When we see our fellow citizens as irredeemable, churlish adversaries lacking in moral conviction or educated opinion, we can more readily dismiss their place in the nation or the possibility for their redemption. When we construct ironclad notions of right and wrong that fail to account for the range of feeling in a multi-ethnic and pluralistic democracy, events such as the failed January 6 insurrection seem quite inevitable. And while illiberal pressure has been mounting in the United States, the United Kingdom, and other European countries for years, it would be foolish to think that Canada or Australia or New Zealand can indefinitely avoid similar fallout unless active measures are taken to defuse tensions, starting immediately.
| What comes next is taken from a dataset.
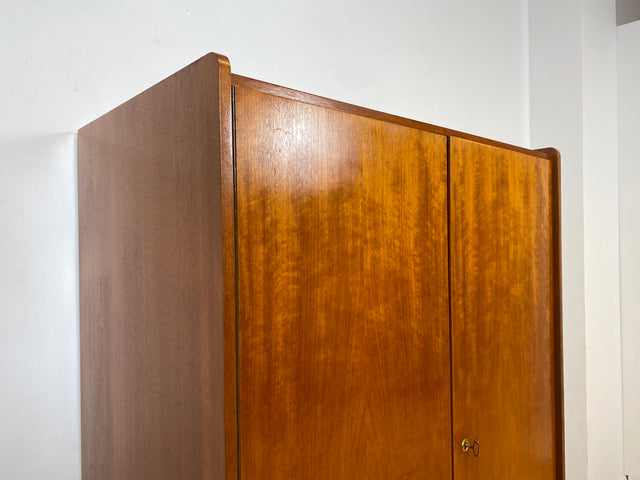 WMK I Versand 85€ I Minimalistischer und sehr gut erhaltener Mid-Century Kleiderschrank mit perfekter Aufteilung I Schrank Schlafzimmerschrank Wäscheschrank Wardrobe 60er Vintage Berlin Leipzig Aachen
To disarm the trend of hyperpartisanship, we need to realize the limitations of our own orthodoxies and mindsets (especially those foisted upon us by disinterested algorithms and artificial intelligence networks).

After a year of normalizing online interactions, often hostile ones at that, now might be a good time for a much-needed reset: to remember that we are all people, and that most of us simply wish to strive towards the betterment of ourselves, our families, our communities, and our nations. Each of us is imbibed with our own unique qualities, experiences, and incentives that have come together to shape our understanding of the world.
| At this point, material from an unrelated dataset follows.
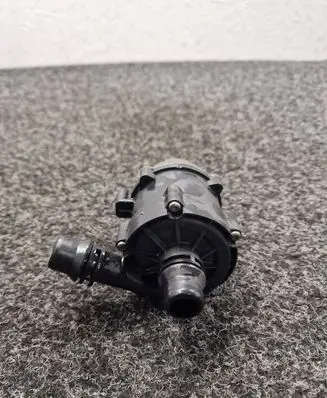 BMW 5 G30 G31 Electric auxiliary coolant/water pump 8638237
To make progress, we have to move beyond the clannish instinct of lazily resorting to partisanship. It may feel good to bludgeon our opponents into submission, but these remedies breed resentment, not understanding. Our generation is perhaps the most politically engaged generation in history, but productive change can only come from working with those ‘inconvenient others’ with whom we share profound personal disagreements. Not all of us are coming from the exact same ontological foundations, nor arriving at the table with the same cultural lexicon and script. Regrettably, many hard discussions are derailed by semantic quarrels before getting the chance to even breach ideas of any true substance.
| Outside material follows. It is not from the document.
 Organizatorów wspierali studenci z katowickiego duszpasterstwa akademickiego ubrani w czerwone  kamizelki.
It requires humility to negotiate these vexatious crosscurrents, with the added acknowledgement that we have much to learn from our ideological opposites.

Differences should be viewed as avenues for engagement rather than an opportunity to demonstrate our moral superiority or a chance to shame and berate the other side. In politics, forgiveness, empathy, and grace are still laudable and dignified civic virtues. We could do well to practice these qualities as we exit quarantine and re-enter a more contentious and fragmented public space.

With humility, we might find ourselves realizing that we are in fact those who President Reagan once spoke of, the ones who “know so much that isn’t so.”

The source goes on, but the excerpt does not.